The Gen X childhood was the best time in history to be a kid. Goonies, NES, Garbage Pale Kids, The A-Team. We had the best of everything and how I wish I could relive it again.
NES ... my best friend and I playing co-op games on the NES, trying to beat Double-Dragon II, and later III by playing together. "Jackal", or "Contra" ... oh Contra. Up, Up, Down, Down, Left, Right, Left, Right, B, A, Select Start (had to hit "select" because it was a 2P game). - Bonded of that. - Later went to High School together and kept it up with the SNES. - We'd be 16 or 17, go into a convenient store back when they had nude-magazines on the rack behind the counter, and ask to buy a scratch off ... if the clerk allowed it (meaning that he didn't card us), then try to casually say, "Hey, uh ... go ahead and throw on that Hustler, too." - We'd get sodas from the vending machine in front of the grocery store, and it was legit 25-cents -- just a quarter. Always walked everywhere.
i'm from the UK. We were the gen who played and hung out in the streets and parks after school and in the holidays and had next to 0 parental supervision. We pretty much sorted out our own issues, and we were all well aware who the local weirdos were. being in the real world so much meant we were really tuned into what was going on around us. Growing up in the 70's and 80's was just the best. The music, the freedom. fantastic !
Malls in the UK were generally modest in size and only became wide spread in the later years of the 80's (There were a small number of exceptions) but especially in the 90's so we didnt hang out in them. we had a local mall built in 1992 i was in my 20's by then. We only got our first large super market store in my town in 1978. before that there were just small family owned shops along the street.Each shop had its own smell the bakers the butchers the hardware store the grocers shop, the chip shop and the sweet shop. milk was delivered by the milk man every morning at about 6 o'clock in his electric milk float. i still remember the clinck of the bottles when he would deliver. We gen x were responsible for the .com bubble burst.
@@Jade-pd3wm We had them everywhere in the states starting in the late 60's. There's lots of "dead mall" exploration videos on youtube which are fascinating. Latchkey kids were always hanging out at the mall. It was the thing in the 80's.

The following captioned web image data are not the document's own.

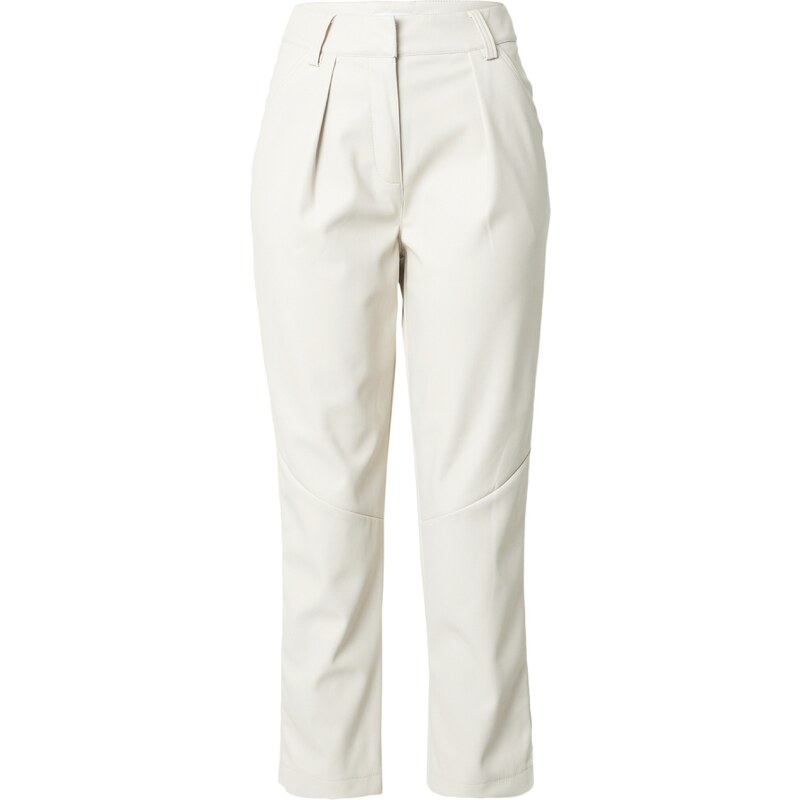 TOPSHOP Plisované nohavice slonová kosť 48603066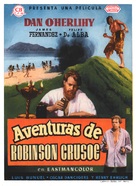 Robinson Crusoe - Spanish Movie Poster (xs thumbnail)
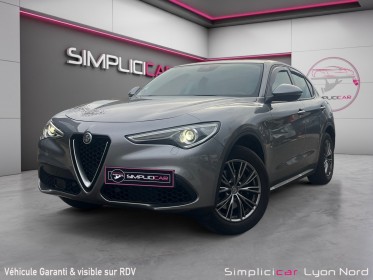 Alfa romeo stelvio 2.0t 200 ch q4 at8 super  sièges électriques  carplay  garantie 12 mois occasion simplicicar lyon nord...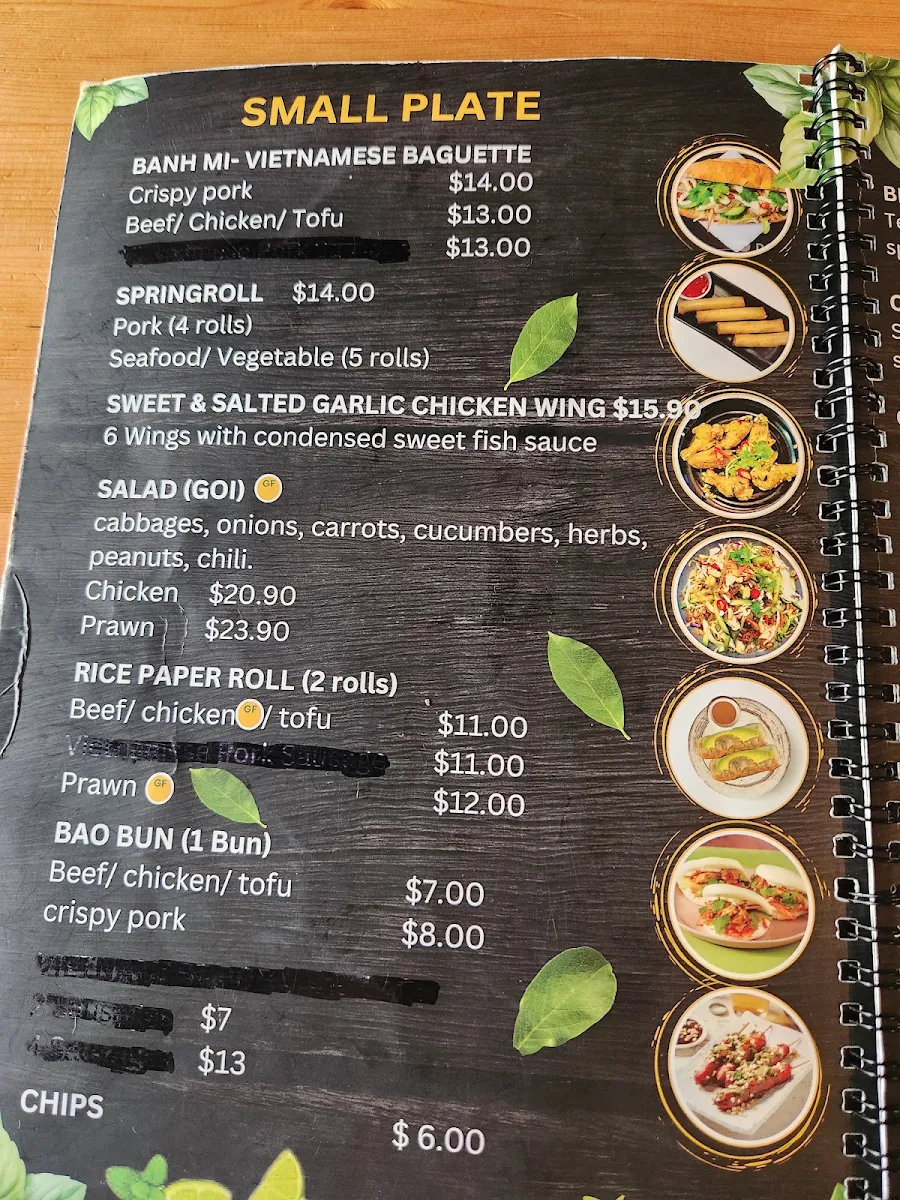 Menu, Vietnam Lotus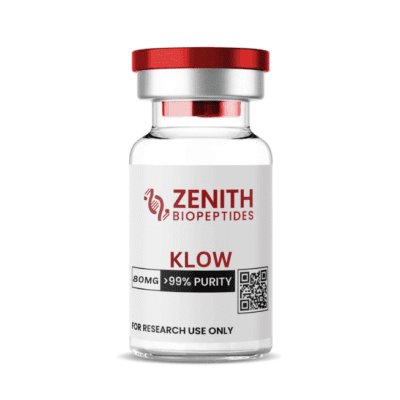 KLOW research blend lyophilized powder vial by Zenith
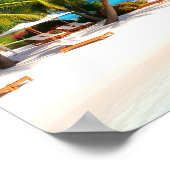 Luxe tropisch resortstrand poster (Hoek)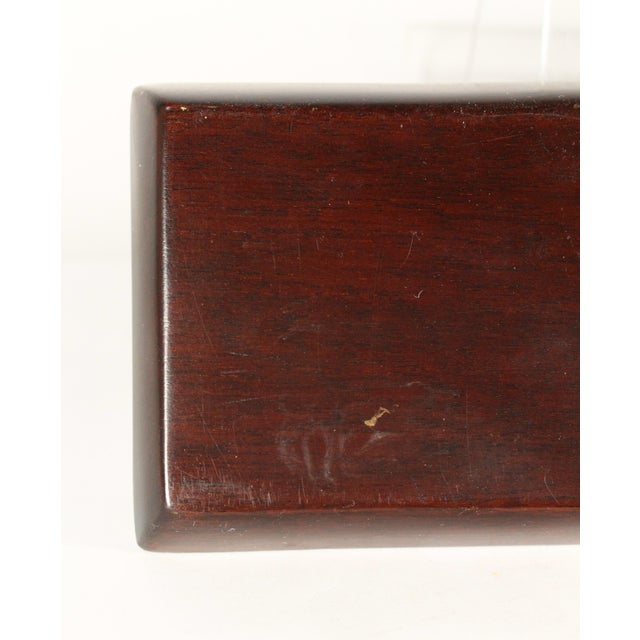 Mid-Century Peruvian Tray, Cumaru Wood, Sterling Silver & Inka Textile For Sale - Image 16 of 18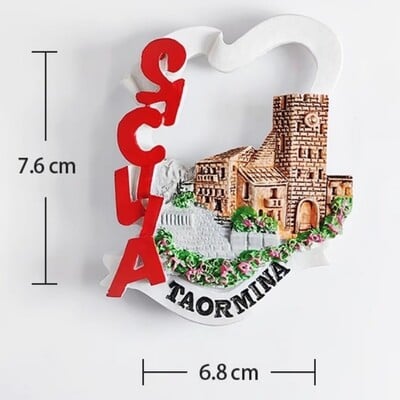 Италия Тоскана Пътуващи сувенири Пиза Магнити за хладилник Сицилия Тропеа Наполи Орвието Матера Падуа Стикери за хладилник Сватбени подаръци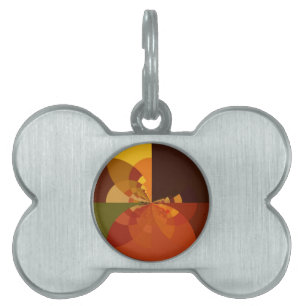 Médaillons Pour Animaux Domestiques Belle Terre Art Abstrait Imprimer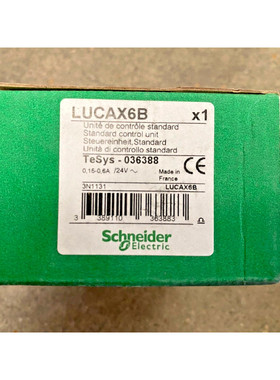 1pc x NEW SCHNEIDER ELECTRIC LUCAX6B STANDARD CONTROL UNIT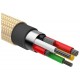 Кабель Baseus Shining Cable With Jet Metal USB - Lightning, золотистый цвет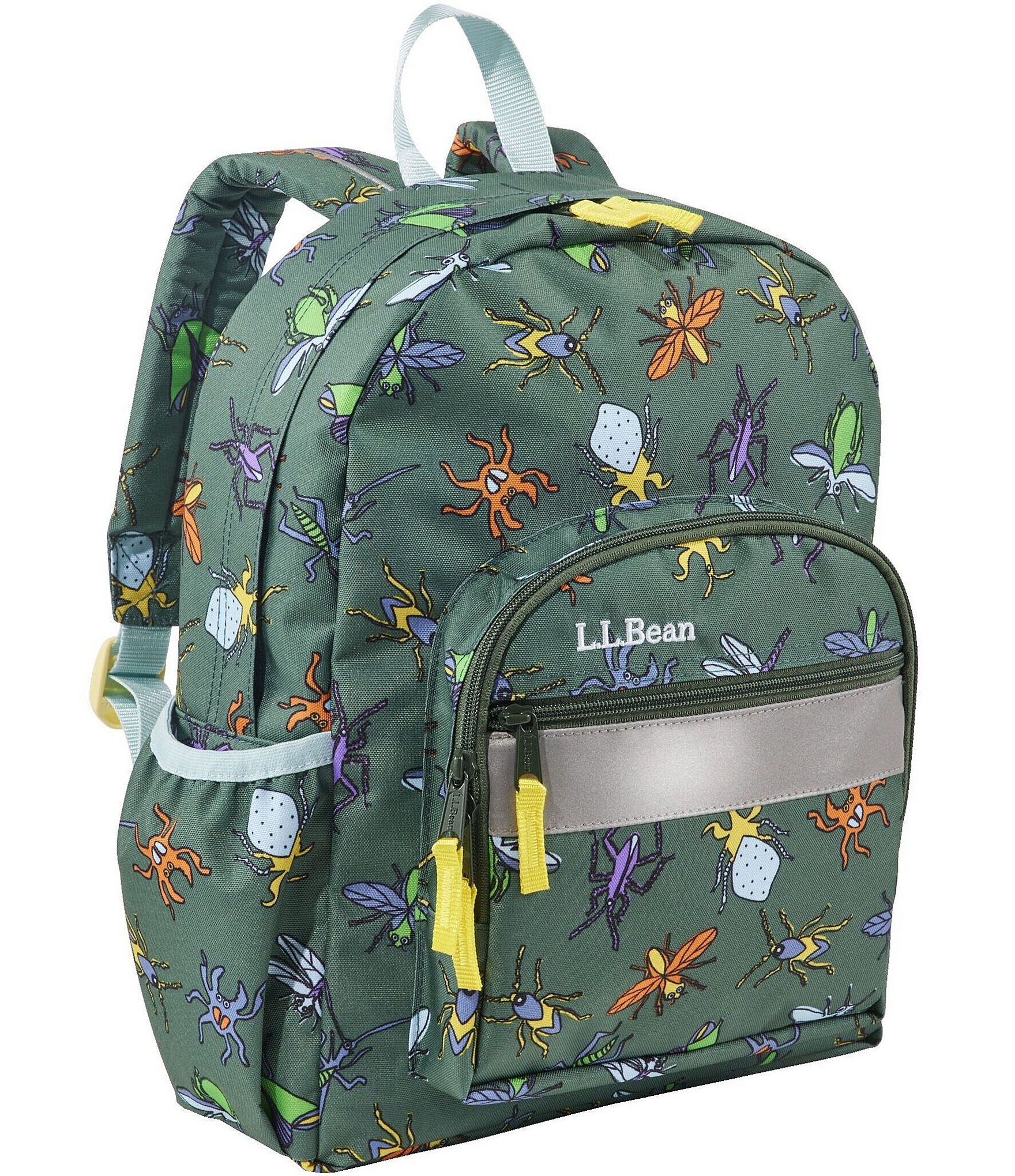 L.L.Bean Junior Original Pinewood Green Bug Printed Book Pack, 16L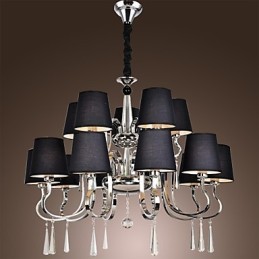 Moderní současný tradiční klasický rustikální lustr Vintage Country Island chromový kovový lustr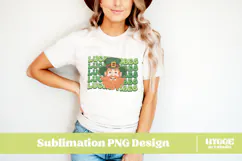 Happy St Patrick's Day PNG DTF Irish Lucky Leprechaun Beer Product Image 3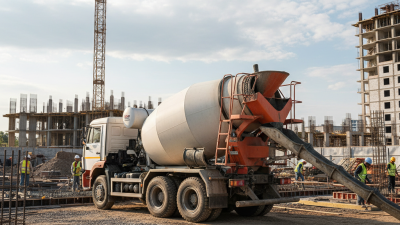 How to Choose the Best Mixer Truck for Your Projects?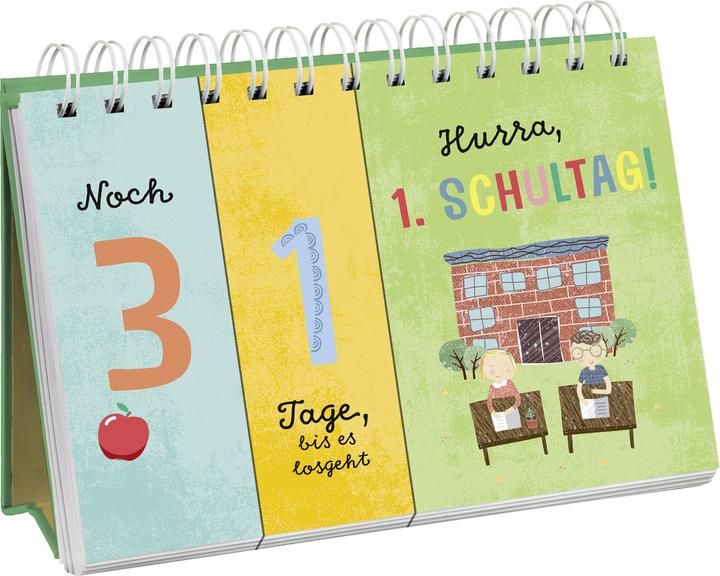 Produktbild Mein Schulstart- und Ferien-Countdown (Harter Einband, Deutsch)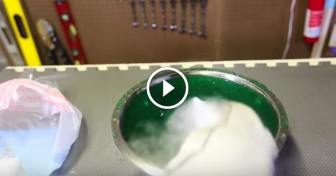 He Puts Dry Ice Into Green Gooey Slime, Moment Later? My Jaw Dropped!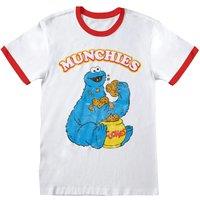 Sesame Street Men's Munchies T-Shirt in White | Size: XL
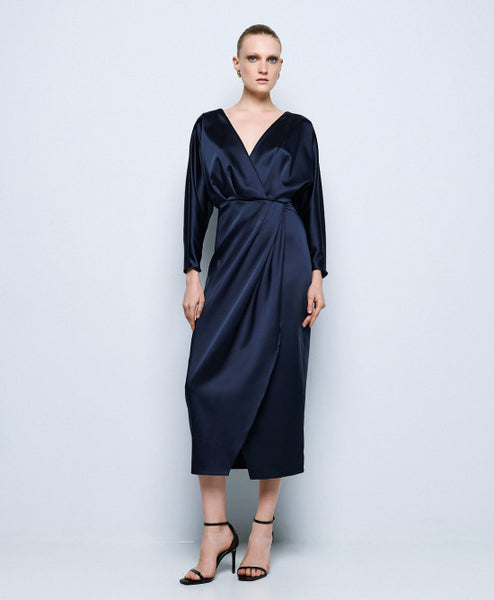 ACCESS FASHION Satin wrap dress 3329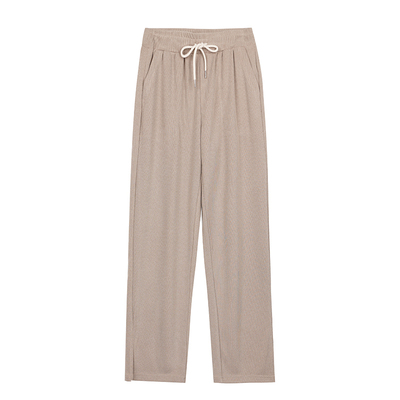 九分休闲裤巨衬肤色岩石绿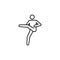 Mae geri, karate line icon. Signs and symbols can be used for web, logo, mobile app, UI, UX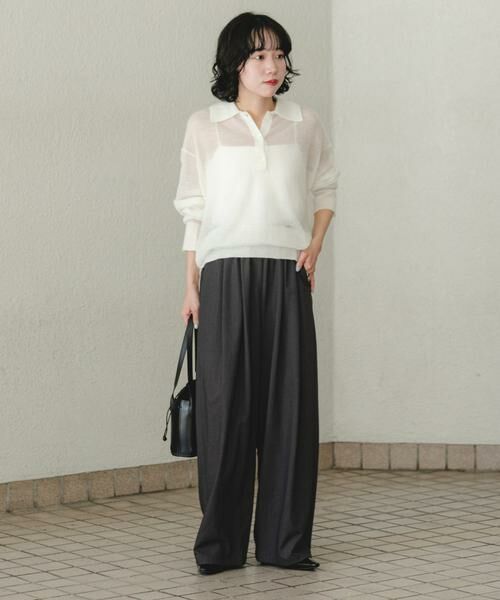 URBAN RESEARCH / アーバンリサーチ その他パンツ | 『3サイズ展開』『イージーケア』 ウール混タックギャザーストレートパンツ | 詳細13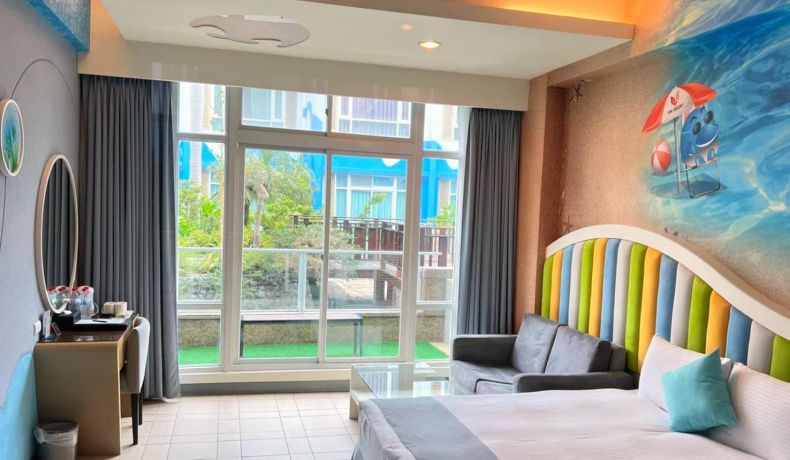 Ocean Theme Double Room With Balcony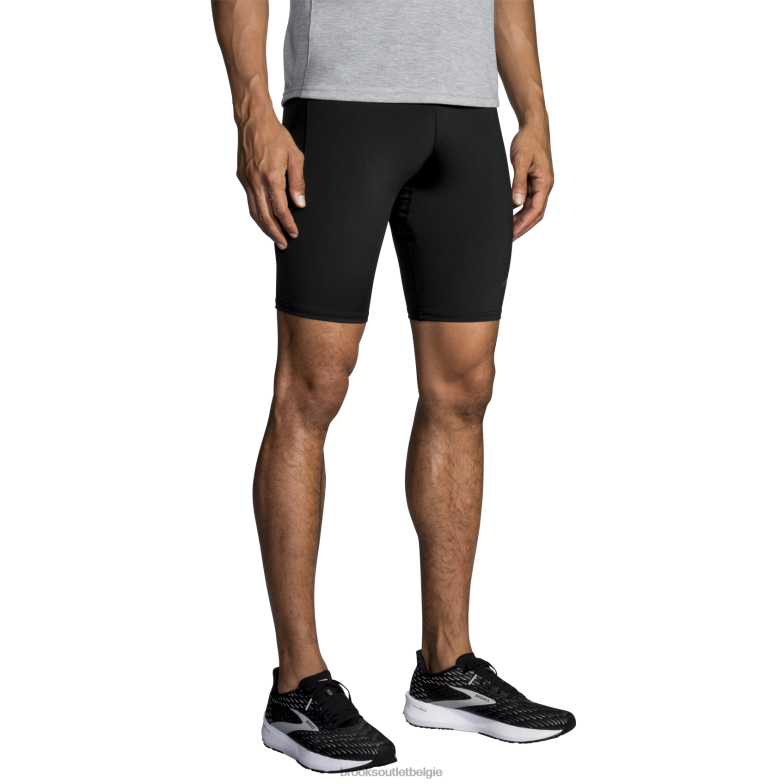 V8D8N1108 bron 9'' kort strak zwart Brooks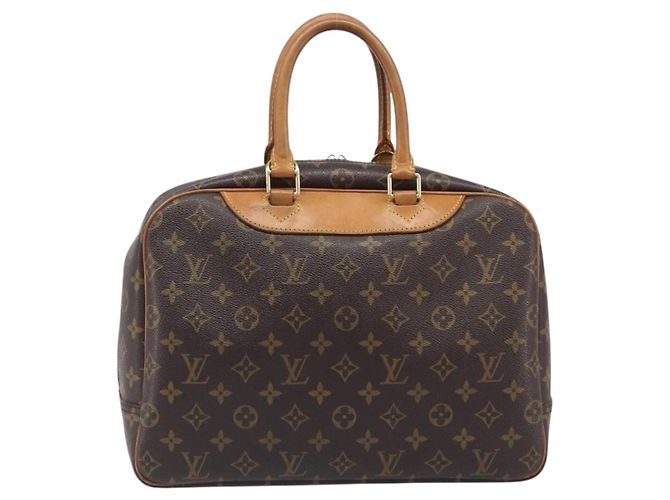 Borsa a mano LOUIS VUITTON Monogram Deauville M47270 LV Auth 201185 Monogramma - vista 2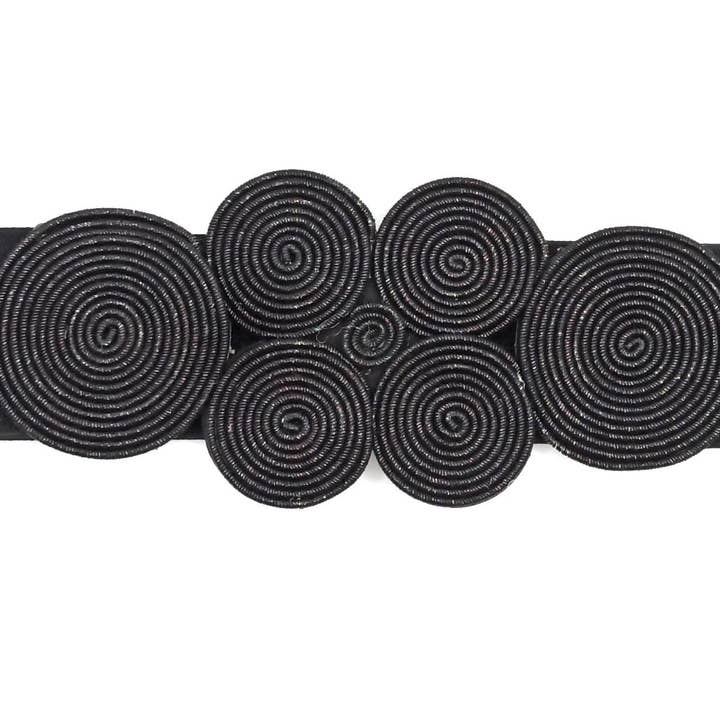 Cinturón Elástico Cordón de Seda · Negro para venta al por mayor de BRANDELIA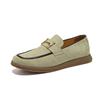 2025 Spring New Loafers Men's One-pedal Korean Version Trendy Versatile Casual British Leather Lazy Shoes Breathable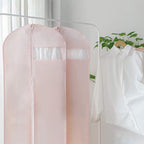 Suit Bag for Storage and Travel, (Set of 2 (23.3" x 50") Pink)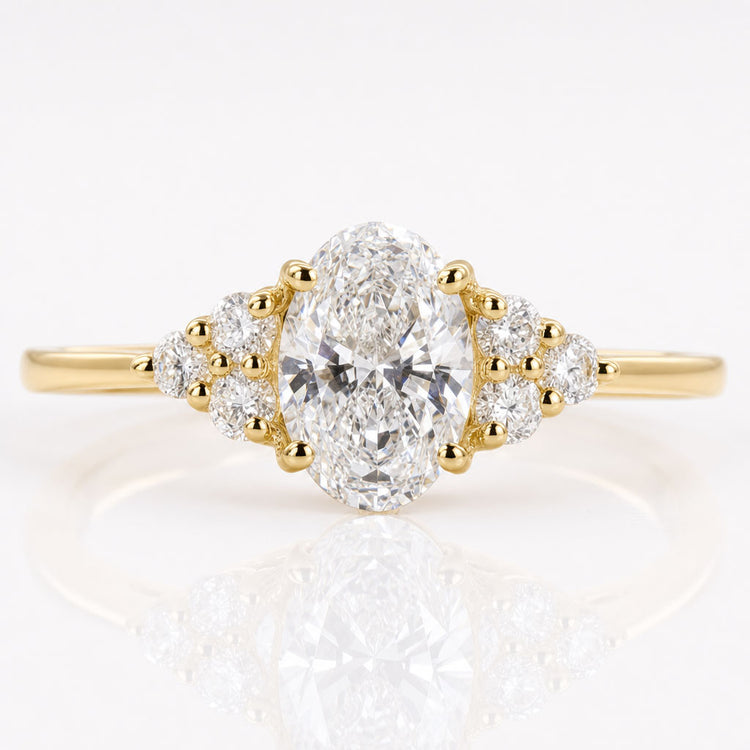Oval Cut Muse Lab-Grown Diamond Muse Setting Ring 0.5 CT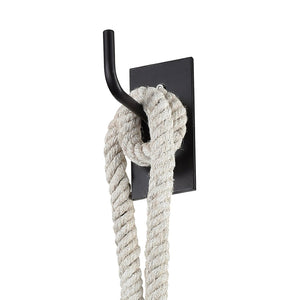 Atlas Air Loom 10" High Coastal-Style 1-Light Wall Sconce with Whitewashed Rope Shade for Ambient Lighting WL11485-WH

you all were the kids from Grange Hill! (the best tv show EVER; this Xer yank would happily pay tv tax for GH!) and even tho i don't think the bbc intended it that way: the two returns of Tucker Jenkins for his struggling nephew are about as genX as it gets. healthy disrespect for authority and all. : - >
I am of Gen X and our childhood was rough. We had to grow up quickly, we did not complain because we would get beat and told "I'll give you something to cry about!" when we showed emotion. To this day I don't ever complain about an injury, I just suck it up and brush it off. We took care our ourselves and learned to be self-reliant. We weren't allowed in the house so lived outside, rode our bikes and skateboards everywhere, and explored our surroundings. It was the best childhood but then a lot of us did not make it because we were the test dummy for child safety seats and bike helmets. I love my Gen X crew because we are fiercely loyal and looked out for each other.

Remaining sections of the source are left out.